Why the hell doesn't foreach decode strings

Sat Oct 29 08:04:00 PDT 2011

On Saturday, October 29, 2011 09:42:54 Andrei Alexandrescu wrote:
> On 10/26/11 7:18 AM, Steven Schveighoffer wrote:
> > On Mon, 24 Oct 2011 19:49:43 -0400, Simen Kjaeraas
> > 
> > <simen.kjaras at gmail.com> wrote:
> >> On Mon, 24 Oct 2011 21:41:57 +0200, Steven Schveighoffer
> >> 
> >> <schveiguy at yahoo.com> wrote:
> >>> Plus, a combining character (such as an umlaut or accent) is part of
> >>> a
> >>> character, but may be a separate code point.
> >> 
> >> If this is correct (and it is), then decoding to dchar is simply not
> >> enough.
> >> You seem to advocate decoding to graphemes, which is a whole different
> >> matter.
> > 
> > I am advocating that. And it's a matter of perception. D can say "we
> > only support code-point decoding" and what that means to a user is, "we
> > don't support language as you know it." Sure it's a part of unicode, but
> > it takes that extra piece to make it actually usable to people who
> > require unicode.
> > 
> > Even in English, fiancé has an accent. To say D supports unicode, but
> > then won't do a simple search on a file which contains a certain *valid*
> > encoding of that word is disingenuous to say the least.
> 
> Why doesn't that simple search work?
> 
> foreach (line; stdin.byLine()) {
>      if (line.canFind("fiancé")) {
>         writeln("There it is.");
>      }
> }

If the strings aren't normalized the same way, then it might not find fiancé.
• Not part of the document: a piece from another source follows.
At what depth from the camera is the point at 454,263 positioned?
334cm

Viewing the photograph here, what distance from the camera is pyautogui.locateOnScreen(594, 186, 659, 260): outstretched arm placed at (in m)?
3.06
If 
they _are_ normalized the same way and fiancé is in there except that the é is 
actually modified by another code point after it (e.g. a subscript of 2 - not 
exactly likely in this case but certainly possible), then that string would   
be found when it shouldn't be. The bigger problem though, I think, is when 
you're searching for a string which is the same without the modifiers - which 
would be fiance in this case - since then if the modfiying code points are 
after, then find will think that it found the string that you were looking for 
when it didn't.

Once you're dealing with modifying code points, in the general case, you 
_must_ operate on the grapheme level to ensure that you find exactly what 
you're looking for and only what you're looking for. If we assume that all 
strings are normalized the same way and pick the right normalization for it 
(and provide a function to normalize strings that way of course), then we 
could probably make that work 100% of the time (assuming that there's a 
normalized form with all of the modifying code points being _before_ the code 
point that we modify and that no modifying code point can be a character on 
its own), but I'd have to study up on it more to be sure.

Regardless, while searching for fiancé has a decent chance of success 
(especially if programs generall favor using  single code points instead of 
multiple code points wherever possible), it's still a risky proposition 
without at least doing unicode normalization if not outright using a range of 
graphemes rather than code points.

- Jonathan M Davis